Here's What You Should Know About Buying Meats On Clearance

Everyone loves a bargain. Whether it's a crazy supermarket offer or a hidden gem unearthed from the depths of an online marketplace, bagging a cheap deal instantly improves your life. It doesn't matter if you actually need it or not, it's the fact that for a brief moment you are winning at life.

Grocery stores are a great place to head to for discount clearance items, especially usually expensive products that may have had their prices slashed. Meat is a big beast within this category, with 89% of Americans including meat as part of their diet, according to Ipsos. There's clearly high demand for meat, but there are also high prices — The Washington Post reports that meat prices have surged 17% since July 2020, leading to some people bulk buying whole animals.
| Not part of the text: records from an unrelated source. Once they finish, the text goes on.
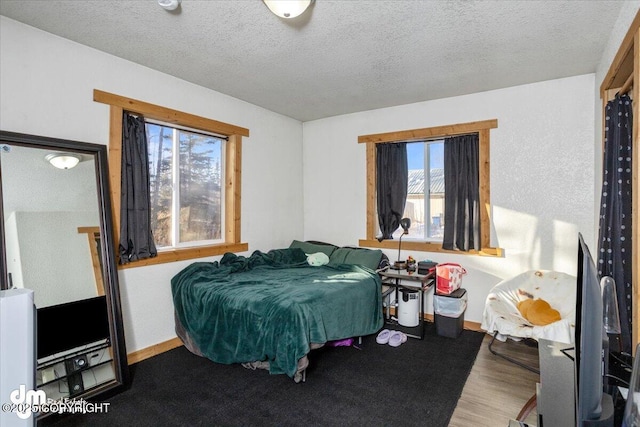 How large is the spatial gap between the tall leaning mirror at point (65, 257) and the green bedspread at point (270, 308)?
612 millimetres

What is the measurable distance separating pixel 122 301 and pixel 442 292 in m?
3.04

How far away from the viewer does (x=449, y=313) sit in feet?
11.5

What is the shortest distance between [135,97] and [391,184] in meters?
2.88

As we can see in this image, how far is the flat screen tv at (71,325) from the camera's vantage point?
2273mm

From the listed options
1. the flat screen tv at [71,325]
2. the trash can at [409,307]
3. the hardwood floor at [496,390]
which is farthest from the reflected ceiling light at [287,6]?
the trash can at [409,307]

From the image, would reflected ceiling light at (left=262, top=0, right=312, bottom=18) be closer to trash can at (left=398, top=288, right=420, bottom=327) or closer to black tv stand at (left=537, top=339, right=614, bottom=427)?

Given that the USDA estimates 133 billion pounds of food are thrown out every year, buying cheap meat could help to drive down food waste as well as your grocery bills. To ensure you get the best discount deals for your wallet and your health, let's take a look at some top tips to follow when buying clearance meat.
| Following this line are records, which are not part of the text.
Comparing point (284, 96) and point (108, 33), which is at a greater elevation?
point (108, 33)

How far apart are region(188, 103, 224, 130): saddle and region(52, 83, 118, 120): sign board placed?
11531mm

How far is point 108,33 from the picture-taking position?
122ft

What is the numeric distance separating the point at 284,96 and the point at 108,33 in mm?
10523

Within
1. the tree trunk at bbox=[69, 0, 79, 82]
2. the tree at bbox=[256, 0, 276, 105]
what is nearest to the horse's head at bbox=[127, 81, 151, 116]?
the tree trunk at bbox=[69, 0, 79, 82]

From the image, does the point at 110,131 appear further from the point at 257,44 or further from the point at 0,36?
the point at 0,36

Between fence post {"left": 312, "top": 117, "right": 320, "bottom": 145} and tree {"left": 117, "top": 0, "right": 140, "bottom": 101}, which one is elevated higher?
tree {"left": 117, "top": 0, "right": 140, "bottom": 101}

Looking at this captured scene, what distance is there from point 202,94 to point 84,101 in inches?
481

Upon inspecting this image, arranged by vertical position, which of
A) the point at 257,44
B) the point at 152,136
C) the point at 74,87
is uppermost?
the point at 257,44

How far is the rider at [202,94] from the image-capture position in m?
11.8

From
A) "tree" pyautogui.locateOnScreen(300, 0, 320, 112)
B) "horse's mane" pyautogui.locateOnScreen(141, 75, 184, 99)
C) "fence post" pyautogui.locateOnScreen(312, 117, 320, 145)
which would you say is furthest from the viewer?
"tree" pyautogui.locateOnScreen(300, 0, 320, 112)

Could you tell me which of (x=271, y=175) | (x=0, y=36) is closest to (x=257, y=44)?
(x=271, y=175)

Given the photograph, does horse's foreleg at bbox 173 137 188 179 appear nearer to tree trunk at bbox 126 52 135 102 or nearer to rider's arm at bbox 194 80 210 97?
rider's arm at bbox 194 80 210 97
It's important to check clearance meat before buying it

Meat can be covered with clearance stickers if it is close to its sell-by date or has started to deteriorate, according to Allrecipes. Although these factors could put you off from buying clearance meat, it's important to take a closer look to see if the price reductions could actually save you a lot of cash.

The USDA confirms that expiry dates on meat products are not legal requirements, but may be voluntarily applied by manufacturers. Sell-by and use-by dates relate to the optimum quality of the meat, not how safe it is to eat. Sell-by dates help grocery stores to manage their inventory and are again unrelated to safety.

It stands to reason, however, that if there's a foul smell emitting from meat, it's gone bad. The Australian Institute of Food Safety confirms that fresh meat is mostly odorless, and adds that excessive liquid and slime are indicators that food could have spoiled — plus, if you press down on fresh meat it will spring back. The final safety measure is to check the color of the meat. Red meat will be bright red when most fresh, but should still be safe if it's started to turn purple or brown. However, while pink-colored chicken is safe to eat, it should be ditched by the time it's turned gray.